I had been working as a data scientist for about seven years in many countries across the world when I decided to pursue a PhD in computer science in the University of Kyoto, Japan. I hoped that the qualification would help me to get to a fairer place in my career and that people would start to respect me more as a professional – which it did. 

Can you elaborate on what you mean by a ‘fairer place’?

As a woman working in science I have always felt a little isolated, particularly at the beginning of my career in Russia. And then, when I went to Kyoto University to do my PhD, I was the only woman ever to do the course at the time.

Things are changing, but there are still not nearly enough women working in STEM and it can be hard to connect if you are.
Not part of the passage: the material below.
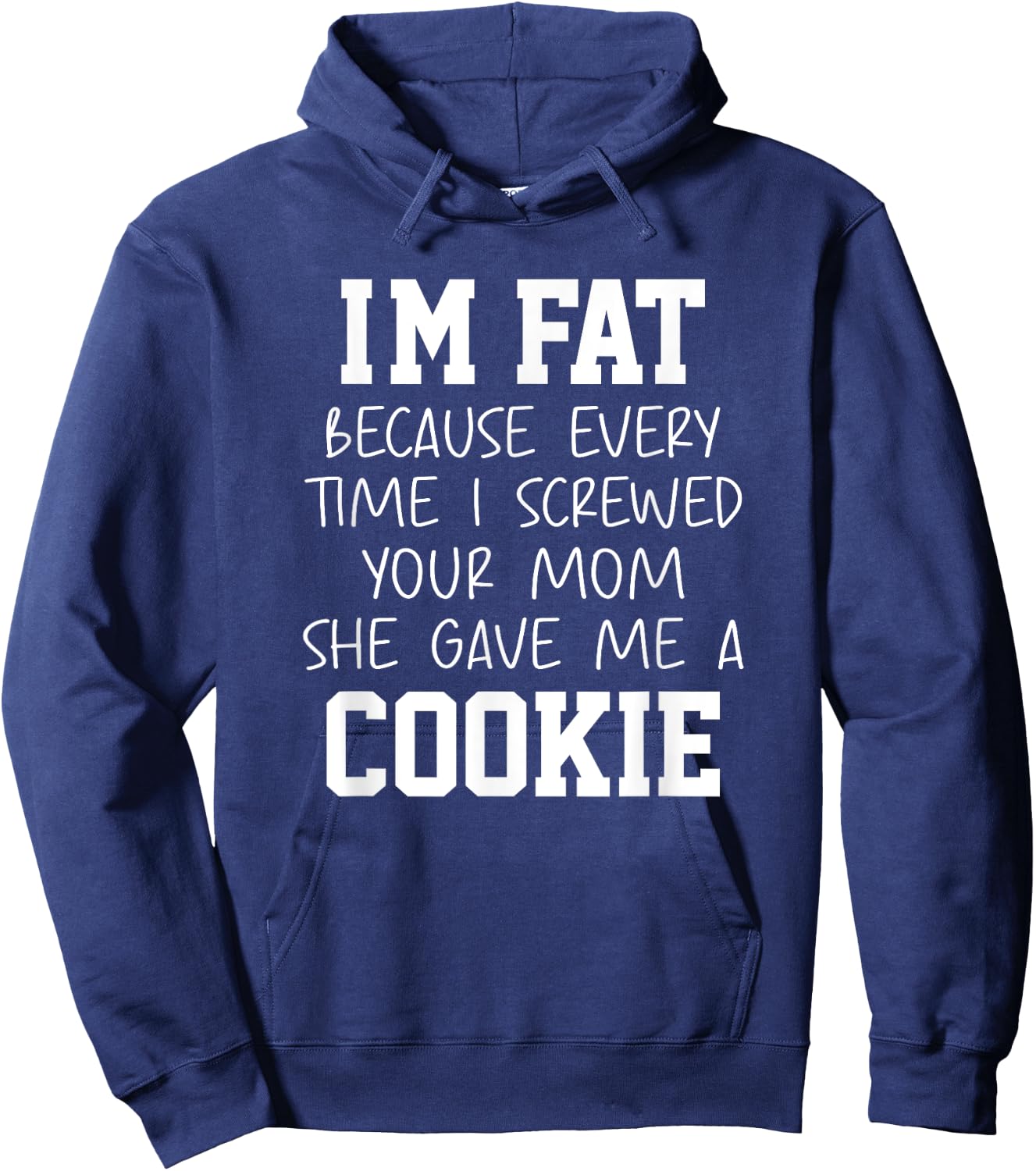 Funny I'm Fat Because Every Time I Screwed Your Mom Humor Hoodie - Hoodie | Navy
There is increasing weight on women’s voice in AI. In some areas of academia there is a quota for female researchers. Even though these measures are forced, and women and minorities are encouraged to apply, I think it is very encouraging. But I don’t think there would be a natural drive to improve diversity within sciences without them.

I am naturally quite selective about where I apply. On some level I feel that my application will not be considered as seriously as my male peers. I try not to take it personally, though – statistically, more men apply for positions in AI and computer science than women. I hope that changes, but for now at least the odds are naturally in their favour. 

What do you think can be done to make STEM environments more inclusive?

Networking opportunities and connecting to academic societies definitely help. I am an active member of the women in machine learning community and recently presented at the NeurIPS  conference, which was fantastic for networking and potential collaboration. 

I think that Oxford’s women in machine learning community could be much stronger. I’d love to see some kind of mailing list that makes it easier to collaborate with people in other departments. 

I try to connect with as many people as possible, but it is not that easy. If anyone is working on attention tracking on mobile devices, please get in touch!

What advice would you give to a woman wanting to work in AI?

‘Please come, there are many opportunities!’ Applying somewhere like Oxford can feel daunting and overwhelming. But sometimes you actually can do what you want, you just need to overcome your fear that you can’t. I would never have thought that I would one day be working in AI at Oxford. If I can, you can.

What are you most proud of in your career so far?

Some regions of our planet are so poor that there is often no funding available for crop monitoring and hardware for precision agriculture, such as irrigation systems or soil moisture sensors. 

I am really proud of my project with the European Space Agency. I work with them on a not-for-profit project predicting crop stress and soil moisture in the developing world, which helped farmers to increase crop yields and reduce waste of scarce resources. We use machine learning to analyse earth observation data to assess soil moisture content and help farmers in Africa to maintain their crops better, improve their irrigation, and know what to plant and where.